After linear fitting I need to get value of standard error. When I use this
A = [x(:),ones(length(x),1)]; [u,std_u] = lscov(A,y(:)); for x=[2550 2450 2352 2256 2162] for y=[1,93 2,11 2,39 2,44 2,63]
I get right values.
But when I use the same code where
x = [5,13e-19 5,55e-19 5,9e-19 6,370e-19 6,77e-19] y = [40,40 39,97 39,21 38,67 38,75]
std_u and u value are 0 but they shouldn't be.
Did I use the wrong function? How can I get these values?
Time to rescale.
S = 1e18; % scale factor to bring x into the same ballpark as the second column of A
x = S*[5.13e-19 5.55e-19 5.9e-19 6.370e-19 6.77e-19]; y = [40.40 39.97 39.21 38.67 38.75]; A = [x(:),ones(length(x),1)]; [u,std_u] = lscov(A,y(:))
u= (rescaled) -11.1558 46.0310
std_u = 2.0929 1.2499
In terms of the rescaled x you get a good result.
The problem being solved is basically ux = y, or (u/S)(Sx) = y. So for the rescaled problem, u -> u/S.

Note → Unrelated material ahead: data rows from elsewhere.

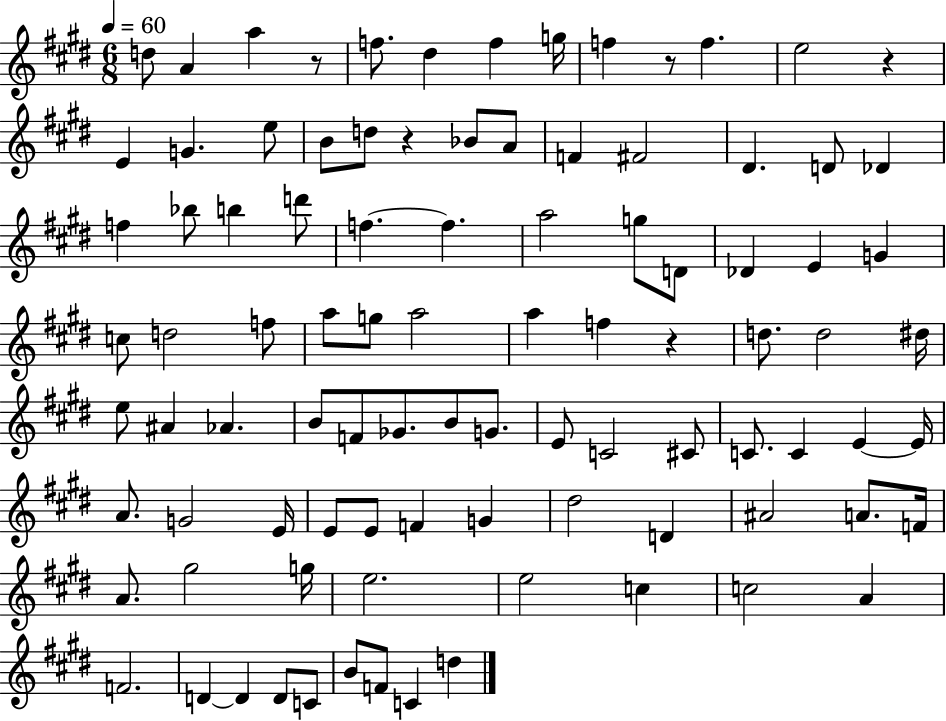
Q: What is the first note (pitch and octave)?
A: D5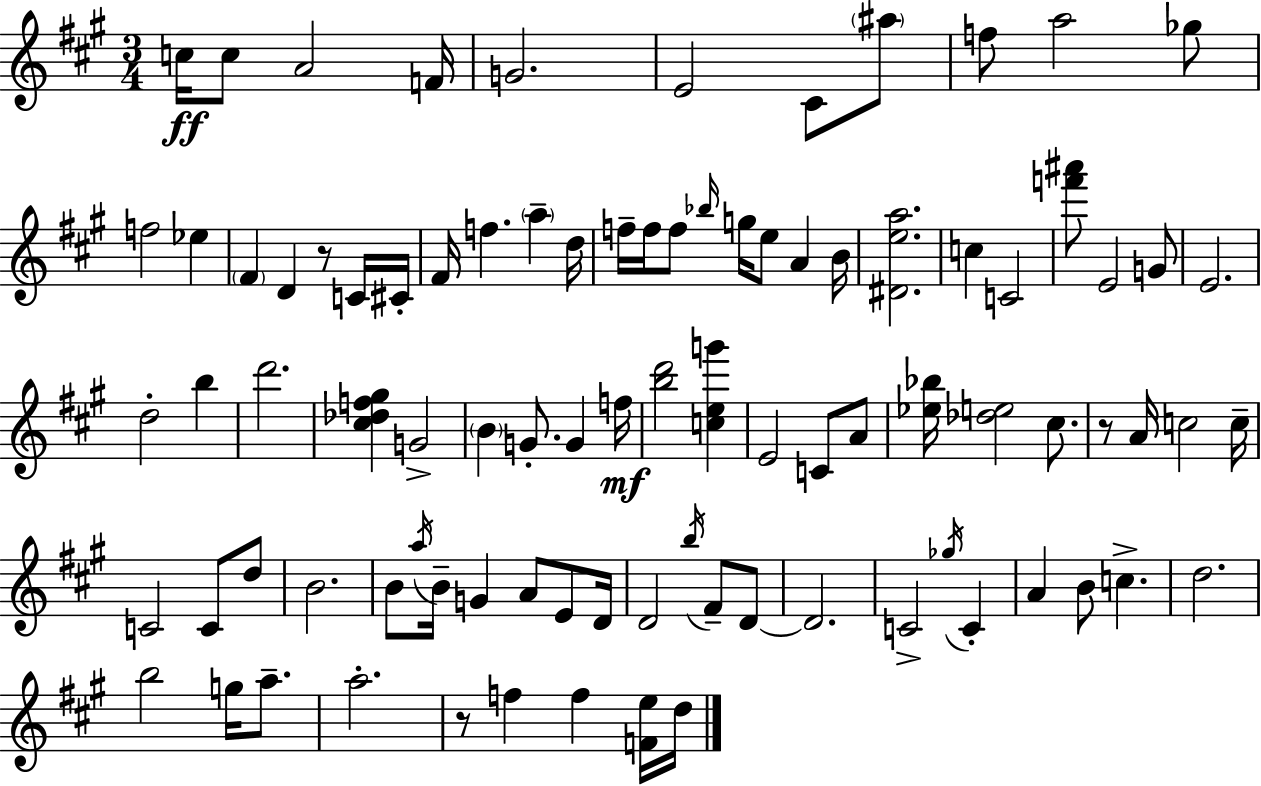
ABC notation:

X:1
T:Untitled
M:3/4
L:1/4
K:A
c/4 c/2 A2 F/4 G2 E2 ^C/2 ^a/2 f/2 a2 _g/2 f2 _e ^F D z/2 C/4 ^C/4 ^F/4 f a d/4 f/4 f/4 f/2 _b/4 g/4 e/2 A B/4 [^Dea]2 c C2 [f'^a']/2 E2 G/2 E2 d2 b d'2 [^c_df^g] G2 B G/2 G f/4 [bd']2 [ceg'] E2 C/2 A/2 [_e_b]/4 [_de]2 ^c/2 z/2 A/4 c2 c/4 C2 C/2 d/2 B2 B/2 a/4 B/4 G A/2 E/2 D/4 D2 b/4 ^F/2 D/2 D2 C2 _g/4 C A B/2 c d2 b2 g/4 a/2 a2 z/2 f f [Fe]/4 d/4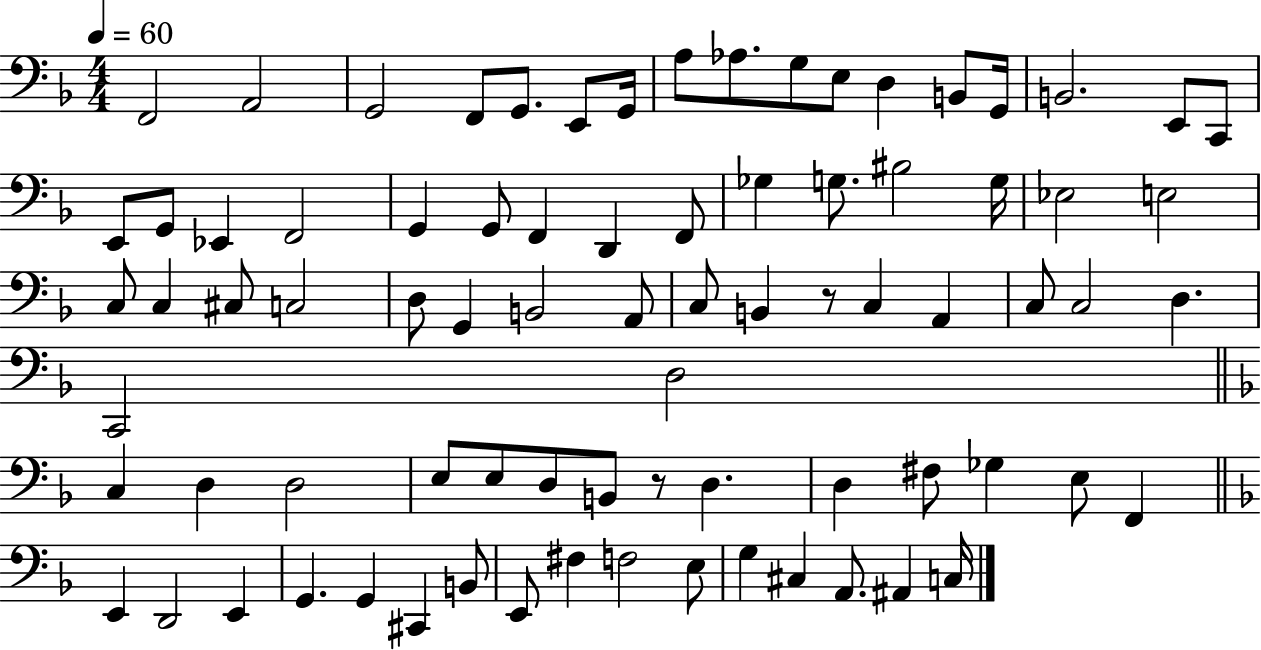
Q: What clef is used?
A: bass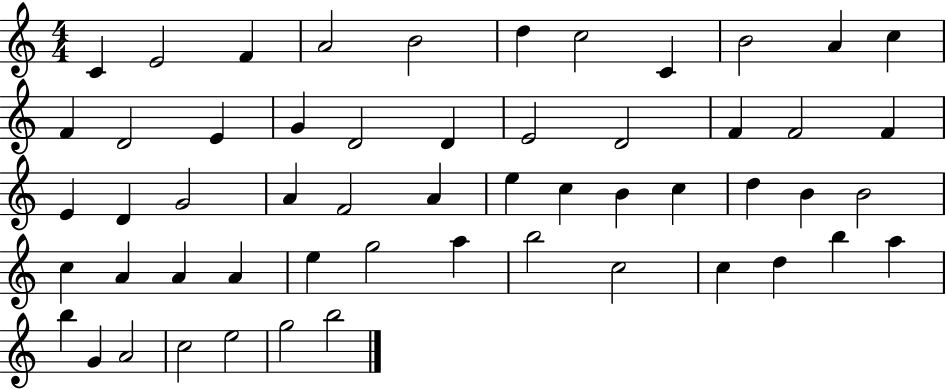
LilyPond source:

{
  \clef treble
  \numericTimeSignature
  \time 4/4
  \key c \major
  c'4 e'2 f'4 | a'2 b'2 | d''4 c''2 c'4 | b'2 a'4 c''4 | \break f'4 d'2 e'4 | g'4 d'2 d'4 | e'2 d'2 | f'4 f'2 f'4 | \break e'4 d'4 g'2 | a'4 f'2 a'4 | e''4 c''4 b'4 c''4 | d''4 b'4 b'2 | \break c''4 a'4 a'4 a'4 | e''4 g''2 a''4 | b''2 c''2 | c''4 d''4 b''4 a''4 | \break b''4 g'4 a'2 | c''2 e''2 | g''2 b''2 | \bar "|."
}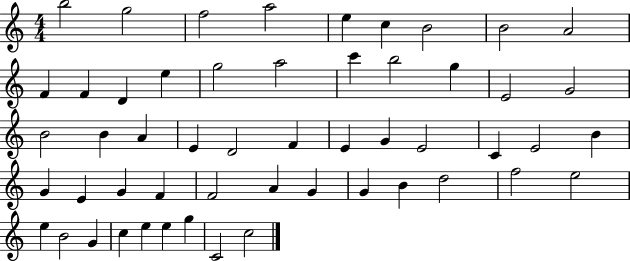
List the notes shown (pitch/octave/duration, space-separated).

B5/h G5/h F5/h A5/h E5/q C5/q B4/h B4/h A4/h F4/q F4/q D4/q E5/q G5/h A5/h C6/q B5/h G5/q E4/h G4/h B4/h B4/q A4/q E4/q D4/h F4/q E4/q G4/q E4/h C4/q E4/h B4/q G4/q E4/q G4/q F4/q F4/h A4/q G4/q G4/q B4/q D5/h F5/h E5/h E5/q B4/h G4/q C5/q E5/q E5/q G5/q C4/h C5/h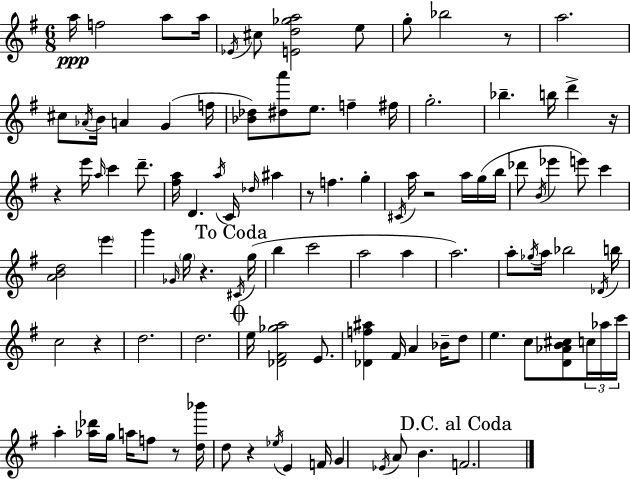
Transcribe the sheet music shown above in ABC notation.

X:1
T:Untitled
M:6/8
L:1/4
K:Em
a/4 f2 a/2 a/4 _E/4 ^c/2 [Ed_ga]2 e/2 g/2 _b2 z/2 a2 ^c/2 _A/4 B/4 A G f/4 [_B_d]/2 [^da']/2 e/2 f ^f/4 g2 _b b/4 d' z/4 z e'/4 a/4 c' d'/2 [^fa]/4 D a/4 C/4 _d/4 ^a z/2 f g ^C/4 a/4 z2 a/4 g/4 b/4 _d'/2 B/4 _e' e'/2 c' [ABd]2 e' g' _G/4 g/4 z ^C/4 g/4 b c'2 a2 a a2 a/2 _g/4 a/4 _b2 _D/4 b/4 c2 z d2 d2 e/4 [_D^F_ga]2 E/2 [_Df^a] ^F/4 A _B/4 d/2 e c/2 [D_AB^c]/2 c/4 _a/4 c'/4 a [_a_d']/4 g/4 a/4 f/2 z/2 [d_b']/4 d/2 z _e/4 E F/4 G _E/4 A/2 B F2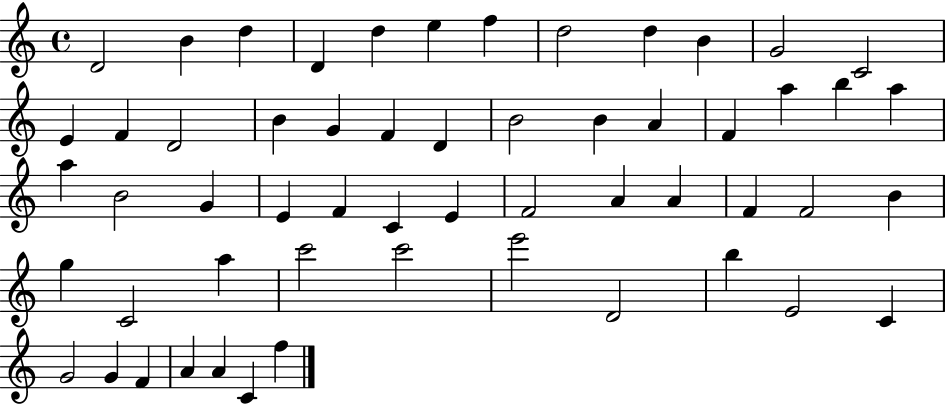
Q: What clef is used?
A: treble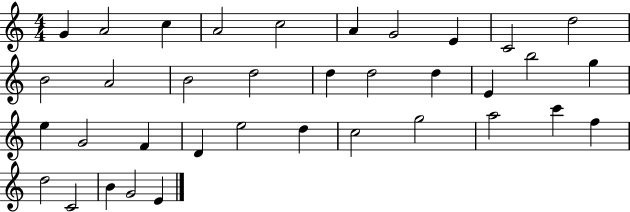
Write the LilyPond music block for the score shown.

{
  \clef treble
  \numericTimeSignature
  \time 4/4
  \key c \major
  g'4 a'2 c''4 | a'2 c''2 | a'4 g'2 e'4 | c'2 d''2 | \break b'2 a'2 | b'2 d''2 | d''4 d''2 d''4 | e'4 b''2 g''4 | \break e''4 g'2 f'4 | d'4 e''2 d''4 | c''2 g''2 | a''2 c'''4 f''4 | \break d''2 c'2 | b'4 g'2 e'4 | \bar "|."
}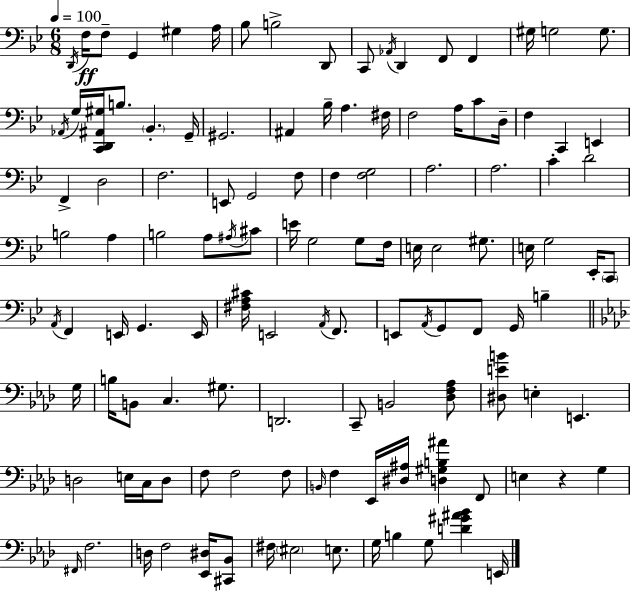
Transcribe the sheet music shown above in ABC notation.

X:1
T:Untitled
M:6/8
L:1/4
K:Bb
D,,/4 F,/4 F,/2 G,, ^G, A,/4 _B,/2 B,2 D,,/2 C,,/2 _A,,/4 D,, F,,/2 F,, ^G,/4 G,2 G,/2 _A,,/4 G,/4 [C,,D,,^A,,^G,]/4 B,/2 _B,, G,,/4 ^G,,2 ^A,, _B,/4 A, ^F,/4 F,2 A,/4 C/2 D,/4 F, C,, E,, F,, D,2 F,2 E,,/2 G,,2 F,/2 F, [F,G,]2 A,2 A,2 C D2 B,2 A, B,2 A,/2 ^A,/4 ^C/2 E/4 G,2 G,/2 F,/4 E,/4 E,2 ^G,/2 E,/4 G,2 _E,,/4 C,,/2 A,,/4 F,, E,,/4 G,, E,,/4 [^F,A,^C]/4 E,,2 A,,/4 F,,/2 E,,/2 A,,/4 G,,/2 F,,/2 G,,/4 B, G,/4 B,/4 B,,/2 C, ^G,/2 D,,2 C,,/2 B,,2 [_D,F,_A,]/2 [^D,EB]/2 E, E,, D,2 E,/4 C,/4 D,/2 F,/2 F,2 F,/2 B,,/4 F, _E,,/4 [^D,^A,]/4 [D,^G,B,^A] F,,/2 E, z G, ^F,,/4 F,2 D,/4 F,2 [_E,,^D,]/4 [^C,,_B,,]/2 ^F,/4 ^E,2 E,/2 G,/4 B, G,/2 [D^G^A_B] E,,/4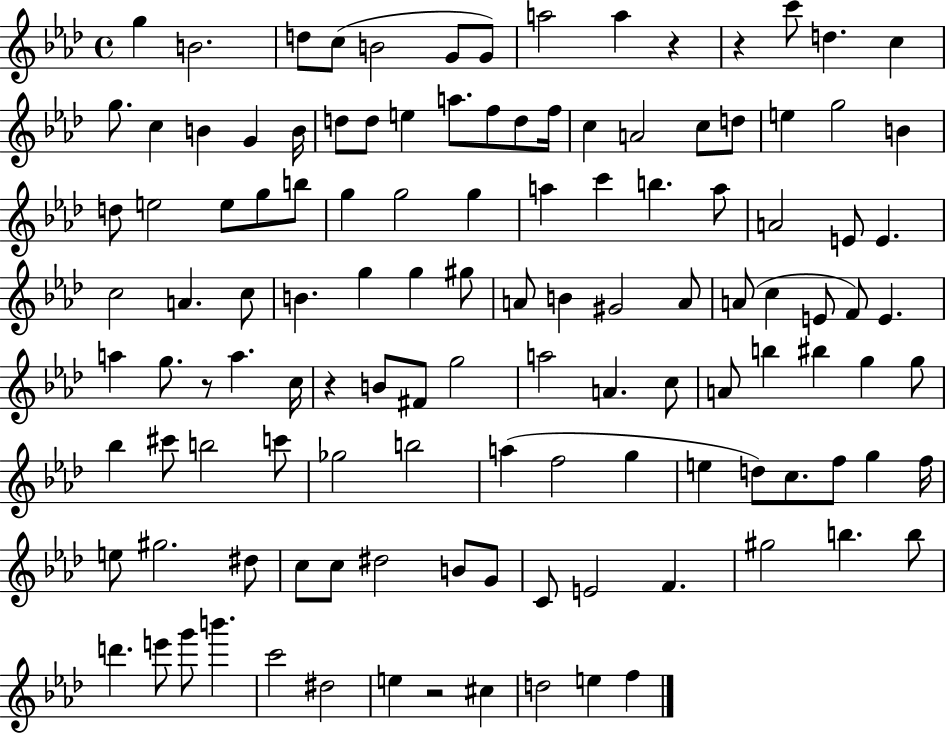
G5/q B4/h. D5/e C5/e B4/h G4/e G4/e A5/h A5/q R/q R/q C6/e D5/q. C5/q G5/e. C5/q B4/q G4/q B4/s D5/e D5/e E5/q A5/e. F5/e D5/e F5/s C5/q A4/h C5/e D5/e E5/q G5/h B4/q D5/e E5/h E5/e G5/e B5/e G5/q G5/h G5/q A5/q C6/q B5/q. A5/e A4/h E4/e E4/q. C5/h A4/q. C5/e B4/q. G5/q G5/q G#5/e A4/e B4/q G#4/h A4/e A4/e C5/q E4/e F4/e E4/q. A5/q G5/e. R/e A5/q. C5/s R/q B4/e F#4/e G5/h A5/h A4/q. C5/e A4/e B5/q BIS5/q G5/q G5/e Bb5/q C#6/e B5/h C6/e Gb5/h B5/h A5/q F5/h G5/q E5/q D5/e C5/e. F5/e G5/q F5/s E5/e G#5/h. D#5/e C5/e C5/e D#5/h B4/e G4/e C4/e E4/h F4/q. G#5/h B5/q. B5/e D6/q. E6/e G6/e B6/q. C6/h D#5/h E5/q R/h C#5/q D5/h E5/q F5/q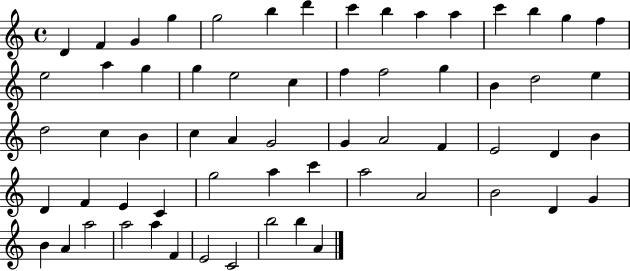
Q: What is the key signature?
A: C major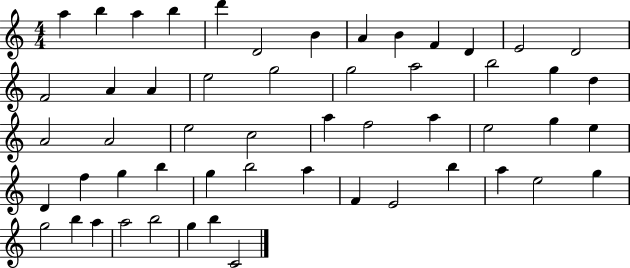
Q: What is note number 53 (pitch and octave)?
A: B5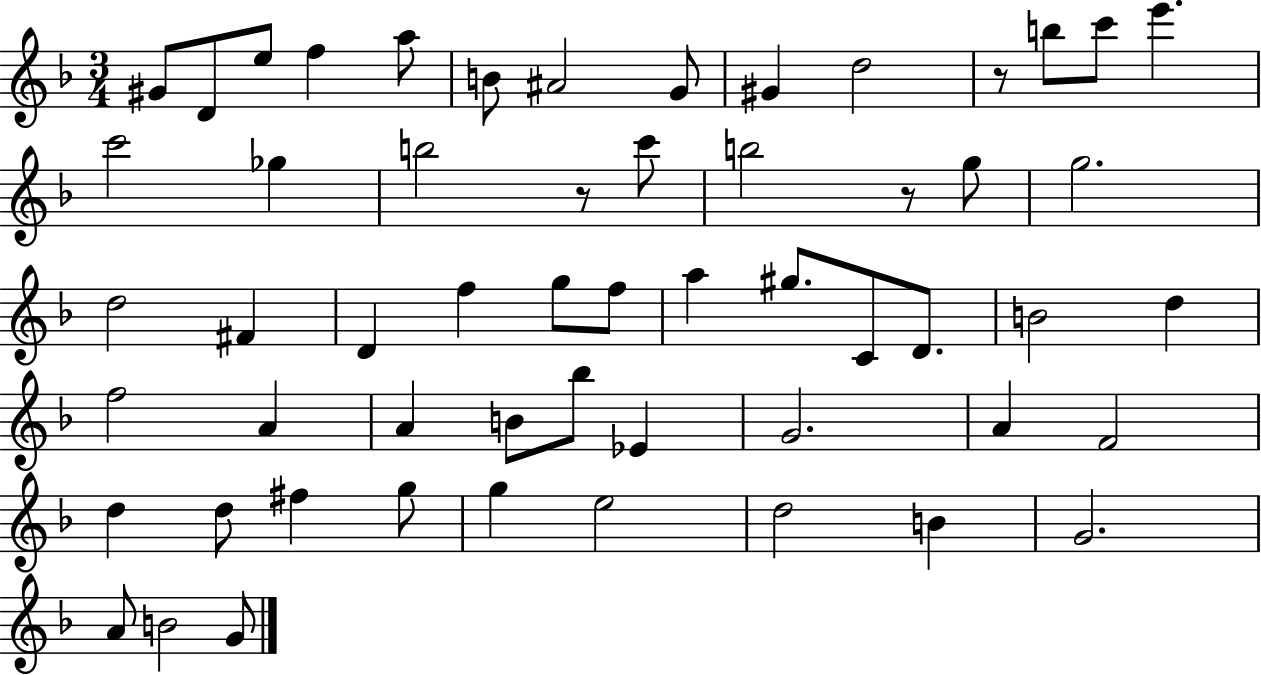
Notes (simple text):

G#4/e D4/e E5/e F5/q A5/e B4/e A#4/h G4/e G#4/q D5/h R/e B5/e C6/e E6/q. C6/h Gb5/q B5/h R/e C6/e B5/h R/e G5/e G5/h. D5/h F#4/q D4/q F5/q G5/e F5/e A5/q G#5/e. C4/e D4/e. B4/h D5/q F5/h A4/q A4/q B4/e Bb5/e Eb4/q G4/h. A4/q F4/h D5/q D5/e F#5/q G5/e G5/q E5/h D5/h B4/q G4/h. A4/e B4/h G4/e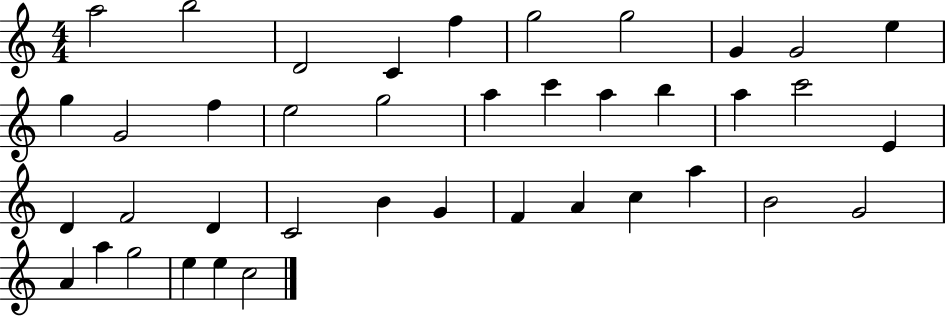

To get back to the original problem you have to multiply the rescaled u by S. But since only the first column of A was rescaled, only the first element of u and std_u have to be changed. Then
u(1) = -1.1156e+19 (original) u(2) = 46.0310 std_u(1) = 2.0929e+18 std_u(2) = 1.2499
Lots of scale factors that are within a few powers of 10 of S=1e19 are possible, and they don't change the 'original' results above (by any significant amount). But all in all, it makes at least as much sense to stay with the rescaled problam, because then the elements of u and std_u are of comparable size. I used a scale factor of 1e18 instead of 1e19 because for example if x were in meters, then the rescaled x is in the SI unit of attometers.